■ Problem details ■
Without including any pictures, write out all the records word for word.

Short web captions
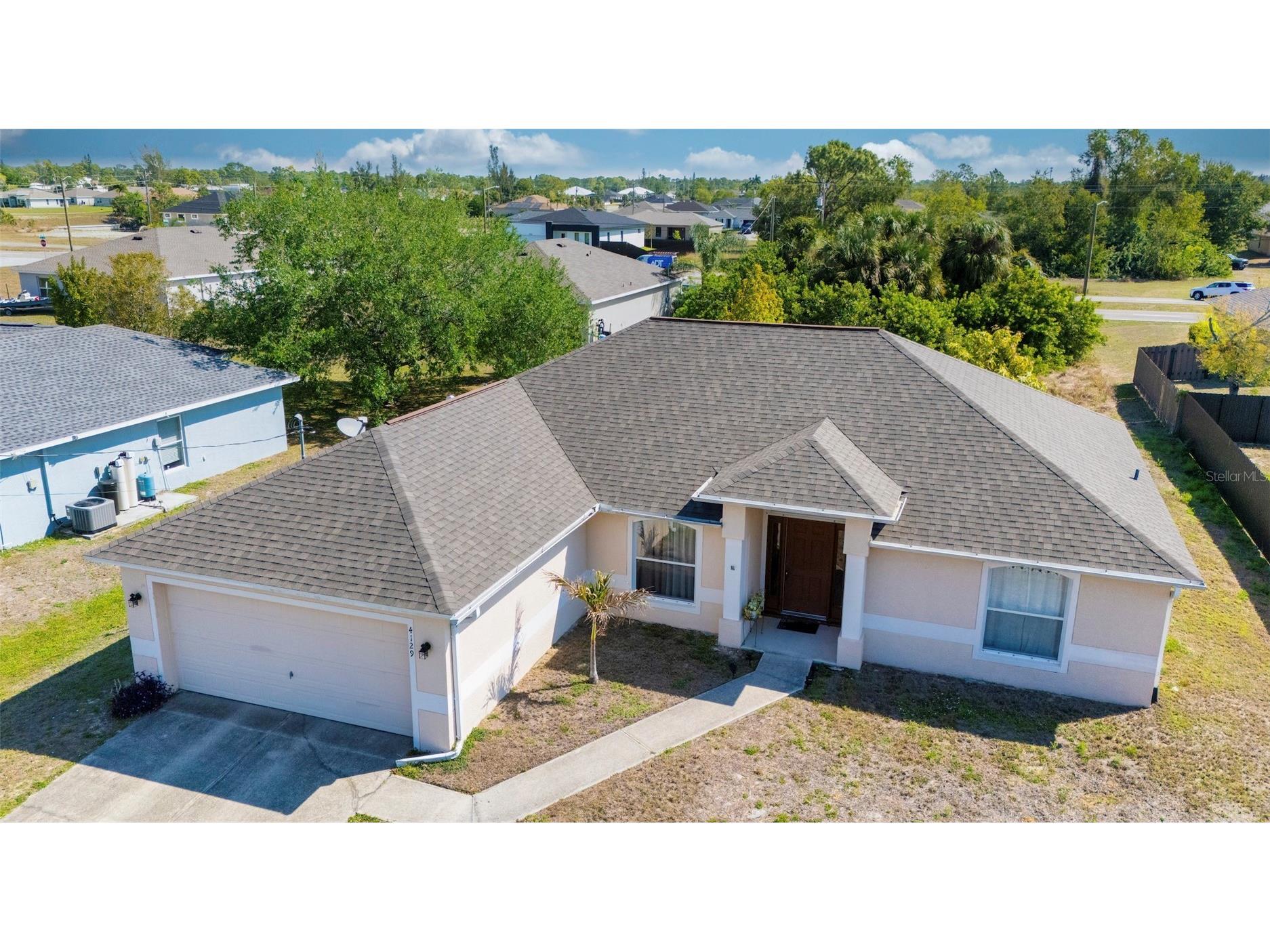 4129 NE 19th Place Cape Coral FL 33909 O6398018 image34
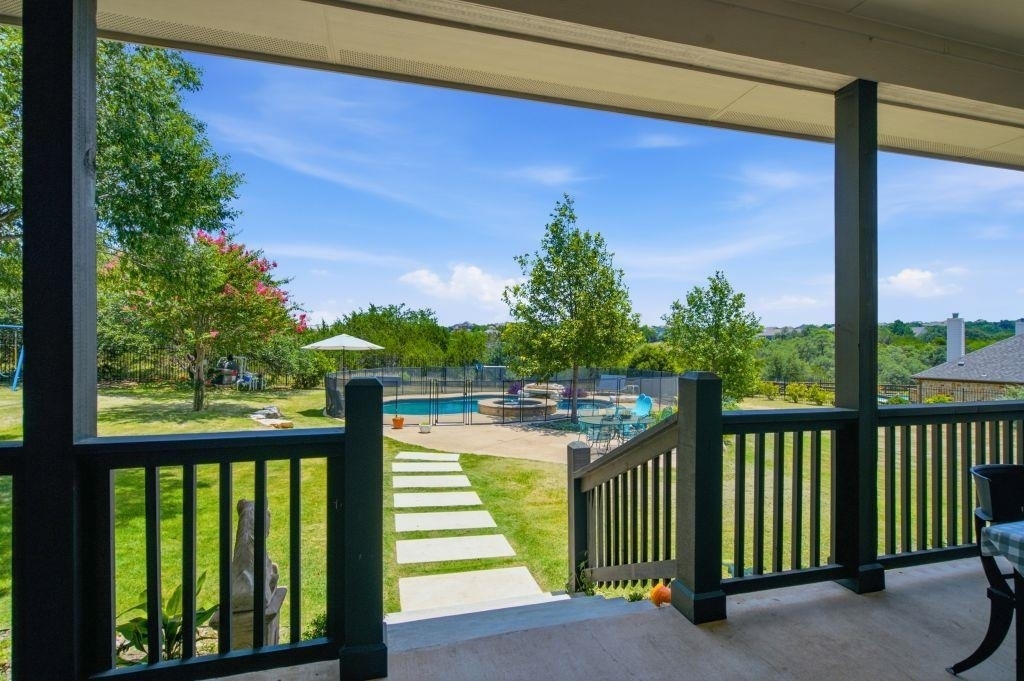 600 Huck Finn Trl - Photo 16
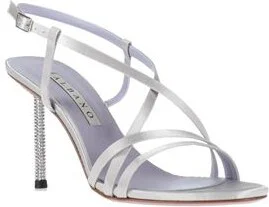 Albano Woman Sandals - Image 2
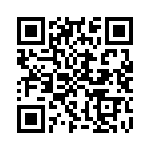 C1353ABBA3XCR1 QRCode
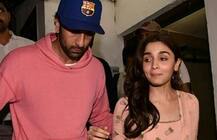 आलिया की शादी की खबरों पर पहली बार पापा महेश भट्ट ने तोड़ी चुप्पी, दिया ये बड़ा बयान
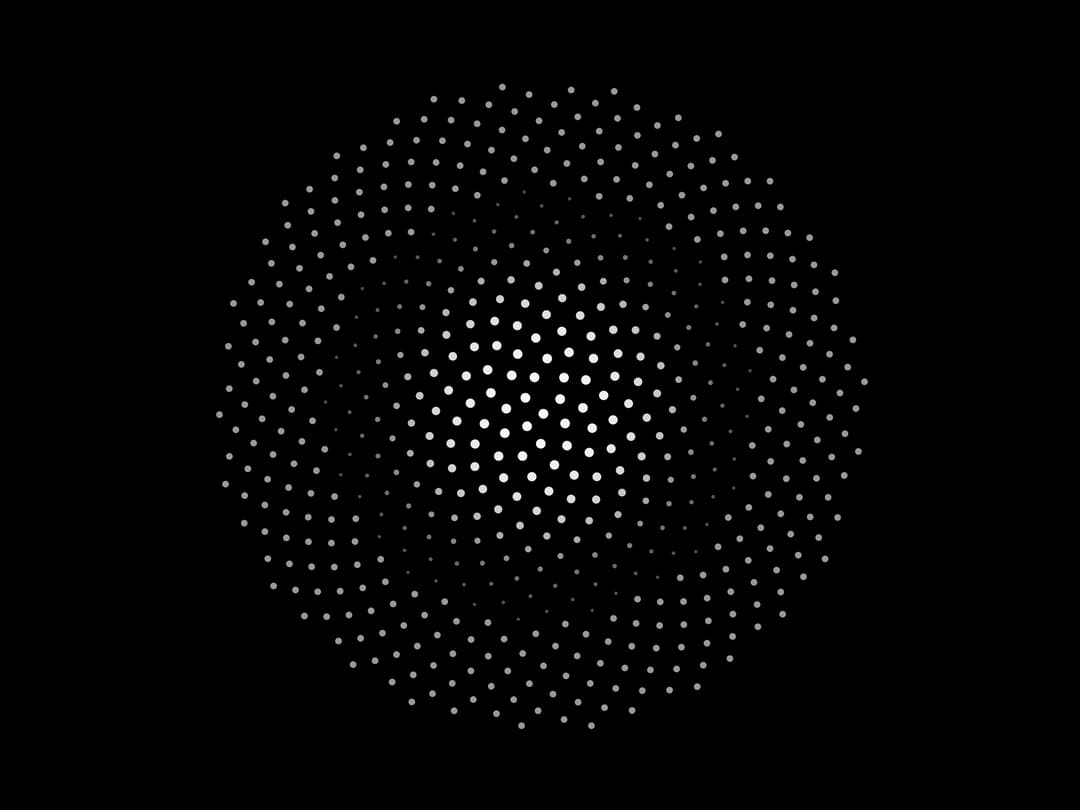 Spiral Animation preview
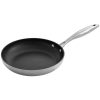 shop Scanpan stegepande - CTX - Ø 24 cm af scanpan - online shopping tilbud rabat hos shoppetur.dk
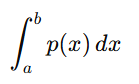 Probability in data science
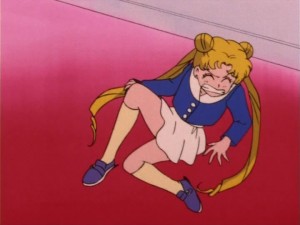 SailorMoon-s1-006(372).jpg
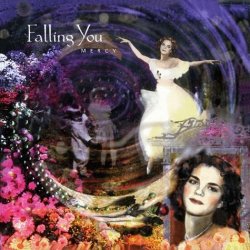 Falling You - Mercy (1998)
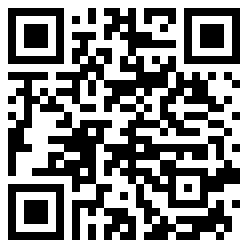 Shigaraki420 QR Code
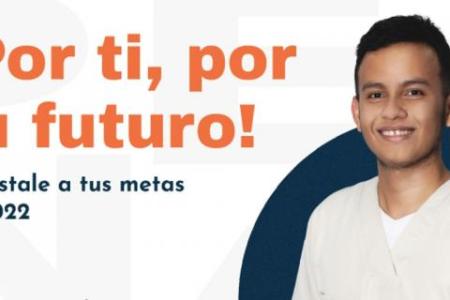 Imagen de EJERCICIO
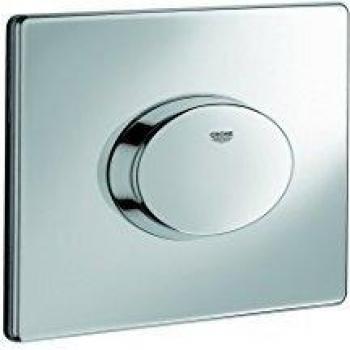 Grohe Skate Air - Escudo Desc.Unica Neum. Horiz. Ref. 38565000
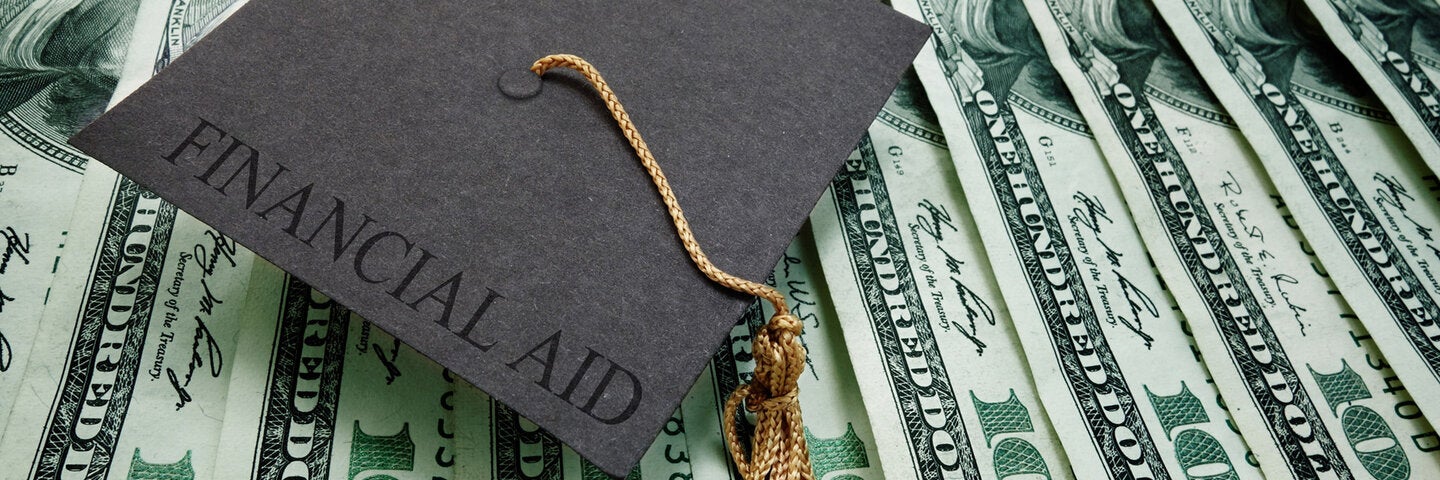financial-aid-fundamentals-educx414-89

■ Written answer ■
 4129 NE 19th Place Cape Coral FL 33909 O6398018 image34
 600 Huck Finn Trl - Photo 16
 Albano Woman Sandals - Image 2
 C1353ABBA3XCR1 QRCode
 आलिया की शादी की खबरों पर पहली बार पापा महेश भट्ट ने तोड़ी चुप्पी, दिया ये बड़ा बयान
 Spiral Animation preview
 shop Scanpan stegepande - CTX - Ø 24 cm af scanpan - online shopping tilbud rabat hos shoppetur.dk
 Probability in data science
 SailorMoon-s1-006(372).jpg
 Falling You - Mercy (1998)
 Shigaraki420 QR Code
 Imagen de EJERCICIO
 Grohe Skate Air - Escudo Desc.Unica Neum. Horiz. Ref. 38565000
financial-aid-fundamentals-educx414-89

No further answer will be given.